True Grit

Now, normally I would consider the combination of the Coen Brothers and Jeff Bridges to be a terrifying one. It's been ten years or so since I've seen The Big Lebowski, but I still cringe at the memory. Actually, for a long time, I cringed every time I heard the word "dude". But even so, I felt pretty safe going to this one, since it was a remake and all. And if the imdb database of quotes is anything to go by, not much of it has changed.

Instead of John Wayne as Reuben "Rooster" Cogburn, we have Jeff Bridges. (I feel like I've reviewed Jeff Bridges three times in two weeks, since he was sort of in TRON twice.) Josh Brolin takes over from Jeff Corey to play the sniveling, dastardly, Tom Chaney, who's almost more of a plot point than a character; and Glen Campbell's character, Texas Ranger LaBoeuf (here pronounced LaBeef), is played by Matt Damon. His hair looks funny, but he's still Matt Damon, which is another reason why I figured this Coen Brothers movie would be okay.

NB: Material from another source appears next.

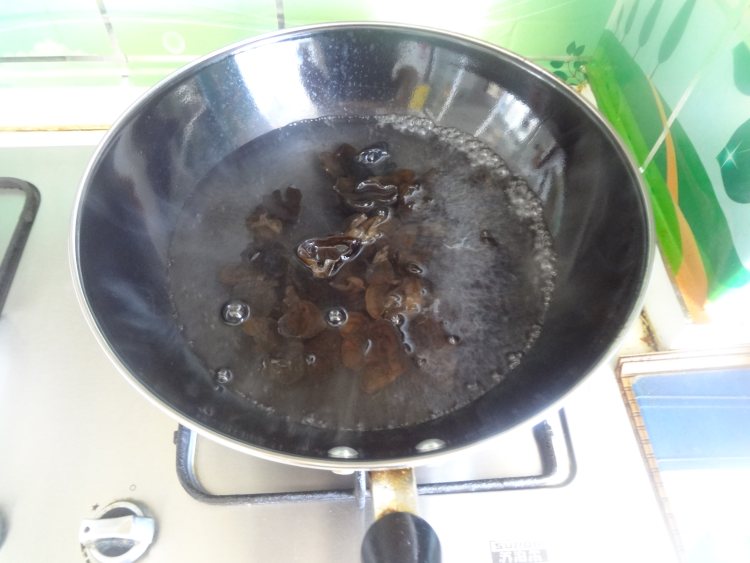 青椒土豆木耳炒猪肝步骤3
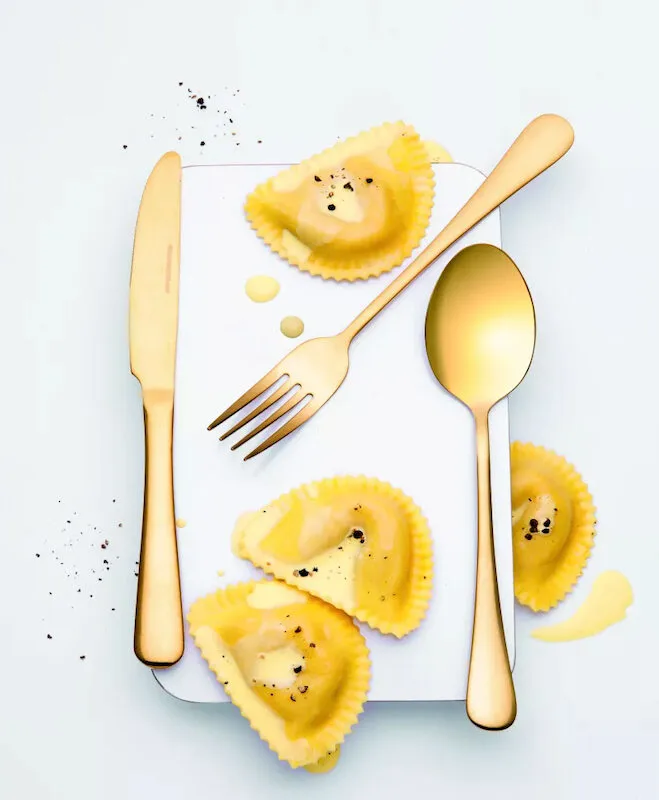 Eternum Napoli Besteckset 16-teilig, Gold Eternum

The sniveling, dastardly Tom Chaney -- who seems to think the entire Wild West is out to get him -- killed a man just before the movie started. His victim was one Frank Ross, who left behind a wife and three children. The wife and two of the children are invisible, so don't worry about them. But the eldest child is a girl named Mattie (Hailee Steinfeld, who, bizarrely, is actually the age she's pretending to be -- in 1969, when she was Kim Darby, she was really 22). Mattie is so visible and talkative that you might get sick of her. She's fourteen going on forty -- basically a mean, crotchety old cat lady just waiting to happen -- and she talks like she swallowed a thesaurus. Actually, a lot of the characters do, but her especially. She uses words like braggadocio and would never stoop to asking, "When can we leave?" No, for her it has to be, "How long before you will be ready to depart?"

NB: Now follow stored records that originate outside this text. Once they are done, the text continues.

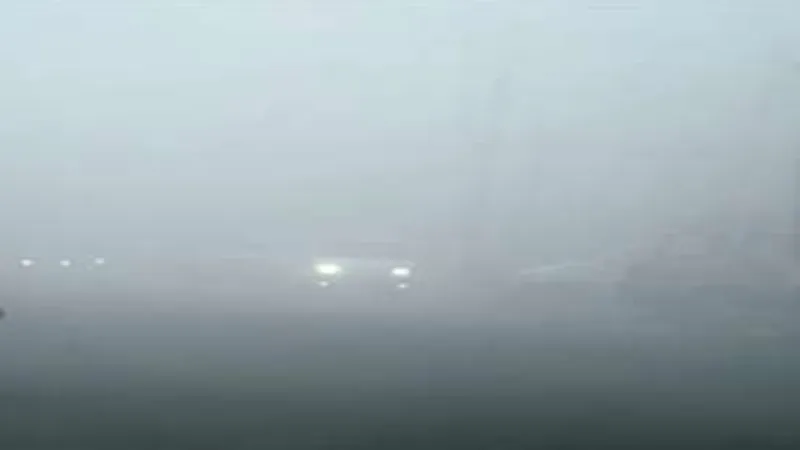 अभी और बढ़ेगी ठंड, UP के कई जिलों में बारिश की सम्भावना 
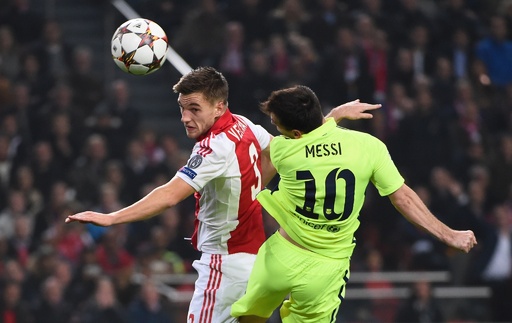 バルサ16強入り、メッシがラウル氏の得点記録に並ぶ 欧州CL 写真12枚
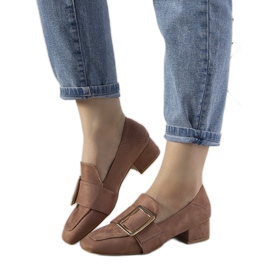 BM Pinke Pumps an einer Säule mit Next-Schnalle rosa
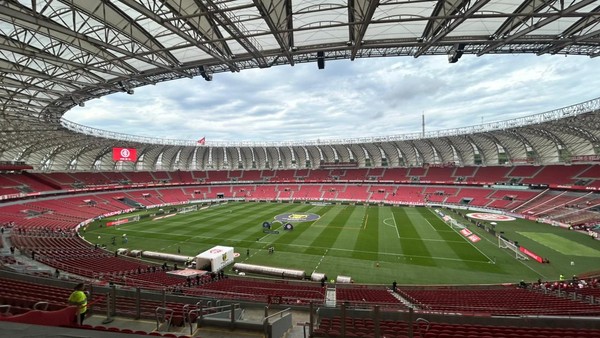 Em momentos opostos, Internacional e Bahia se enfrentam no Beira Rio; prováveis escalações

Mattie badgers a local businessman until he gives her money to leave him alone, and then she's off to pester Rooster Cogburn. She's asked the local sheriff, and he's told her that Rooster is the meanest U.S. Marshal around, so that's the U.S. Marshal she wants to find her father's killer. Of course, the sheriff neglected to add that he was also a one-eyed alcoholic who may or may not be a terrible shot, but he's still the Marshal she wants because he can't figure out how to prevent her coming along with him on the hunt.

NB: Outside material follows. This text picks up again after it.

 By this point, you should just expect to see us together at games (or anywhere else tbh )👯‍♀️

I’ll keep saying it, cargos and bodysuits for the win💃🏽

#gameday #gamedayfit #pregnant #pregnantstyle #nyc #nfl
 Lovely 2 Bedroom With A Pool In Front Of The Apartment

Before they even get underway, LaBoeuf appears to further complicate things. Chaney is also wanted in Texas for shooting a senator and his dog, and LaBoeuf's been tracking him for months for the substantial reward on his head being offered in Texas. I don't know, maybe the entire Wild West really is out to get him.

Anyway, Chaney has found a gang to ride with, under the leadership of one "Lucky" Ned Pepper, played by Barry Pepper. At first I thought the character was named after the actor for some reason, but the character was still named Pepper back in 1969, when it was Robert Duvall playing him, so that can't be it. Who knows, maybe the name thing is why he beat out Michael Biehn for the part.

Then there's lots of shooting, riding, tracking, kicking of random children, more shooting, hanging of various miscreants, and bears riding horses. I'm not sure where that last one came from, either, but clearly, the movie has everything a western should have and then some. So I'll give it four and a half out of five. Jeff Bridges is amusingly drunk through much of it, Matt Damon manages to be heroic and rather silly at the same time, and after a while, even Mattie grew on me, after I spent the first half hour or so of the film wishing I could smack her upside the head just a little. Oh, and Josh Brolin proved he wasn't a jinx for westerns after all, even if he didn't get to do a whole lot here, so that was nice. Basically, go ahead and check this out in the theatre, assuming you haven't already hit your quota of Jeff Bridges for the month.

Rooster and LaBoeuf both look at Mattie like she's crazy, since she kind of is.